DH was assessed by means of air stimulus. The clinician directed an air blast (60 pounds per square inch, 22°C) derived from a dental syringe to the root surface for 1 s. The syringe was held perpendicularly, 2–3 mm from the root surface. After this stimulation, the patient again scored the pain by using the VAS. The air pressure, temperature, and distance between the root surface and the tip of the air syringe were kept constant for all cases in both pretreatment and posttreatment diagnosis of DH. All stimuli were given by one investigator in the same dental chair with the same equipment yielding similar air pressure and temperature each time.

Treatment

After the baseline pain assessment, the teeth were randomly assigned to Group A, Er:YAG-treated group; Group B, Nd:YAG-treated group; Group C, GaAlAs (diode)-treated group; and Group D, control (not irradiated).

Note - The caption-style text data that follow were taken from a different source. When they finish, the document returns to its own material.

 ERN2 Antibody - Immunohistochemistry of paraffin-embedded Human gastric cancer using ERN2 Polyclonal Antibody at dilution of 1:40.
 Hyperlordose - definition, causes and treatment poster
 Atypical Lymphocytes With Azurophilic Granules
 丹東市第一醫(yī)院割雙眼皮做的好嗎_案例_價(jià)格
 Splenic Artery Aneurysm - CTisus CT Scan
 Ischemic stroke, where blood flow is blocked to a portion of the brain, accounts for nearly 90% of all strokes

Before laser therapy, all of the teeth received scaling, root-planing, and polishing. Afterward, the relative isolation of the region was carried out with the aid of a cotton roll and the drying of the buccal surface with gauze before each treatment session. The vitality of teeth was tested by a pulp tester after each treatment session. The patients did not know what kind of laser therapy each tooth was receiving.

The Er:YAG and GaAlAs (diode) lasers used in this study were Doctor Smile erbium&diode laser machine (Doctor Smile erbium&diode, Lambda Scientifica S.r.l., Vicenza, Italy), and the Nd:YAG laser used in this study was the Smarty A10 laser machine (Smarty A10, Deka, Italy).

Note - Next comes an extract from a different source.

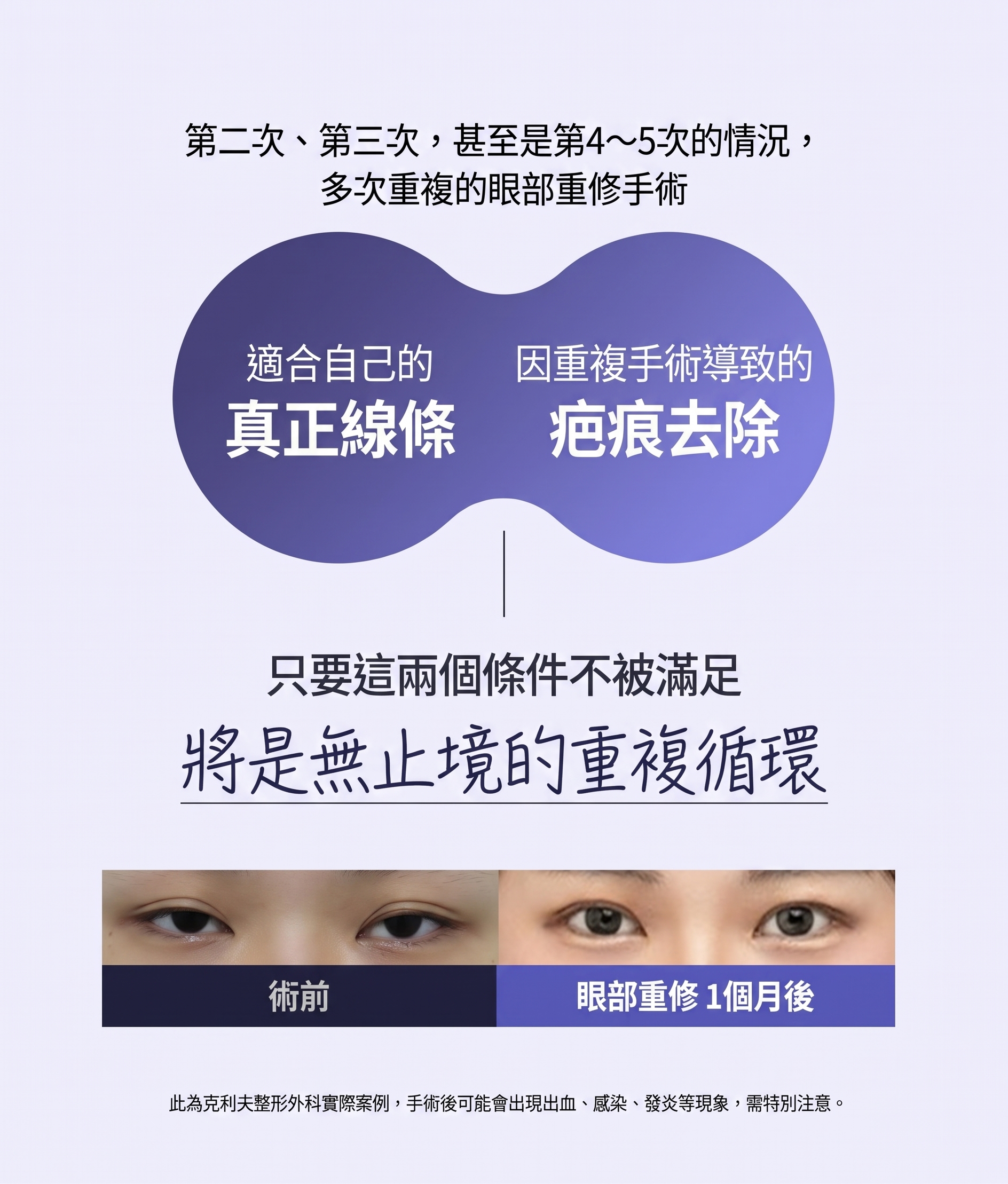 論峴站整形外科眼睛重修手術，哪些情況需要重修以及如何進行？ 사진 5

The teeth in the Er:YAG group were given a 60 mJ/pulse, 2-Hz, 20-s, 2,940-nm, noncontact mode (4 mm from the surface) with air spray, perpendicular to the surface for scanning movements (0.8 mm/s), twice, and with a handpiece (LAEH4012.5, sapphire tip-diameter, 400 μm).

Teeth subjected to Nd:YAG laser treatment were radiated by a laser beam of 1W, 100 mJ/pulse, 15 Hz, 100 s, 1,064 nm, with a sweeping motion and without any coolants. In addition, the distance between the end of the fiberoptic (diameter, 300 μm) handpiece and the tooth surface was adjusted at ∼2 mm. Teeth subjected to GaAlAs (diode) laser treatment were also irradiated by a laser beam of 100 mW, 20 s, 808 nm (optical fiber, diameter: 300 μm), with continuous emission form, noncontact mode (2 mm from the surface), perpendicular to the surface for scanning movements, twice, in the region of the exposed dentinal neck. All laser applications were performed according to the instructions given by the manufacturer. When the lasers were in use, protective eyewear of appropriate optical density was worn by investigator and patients.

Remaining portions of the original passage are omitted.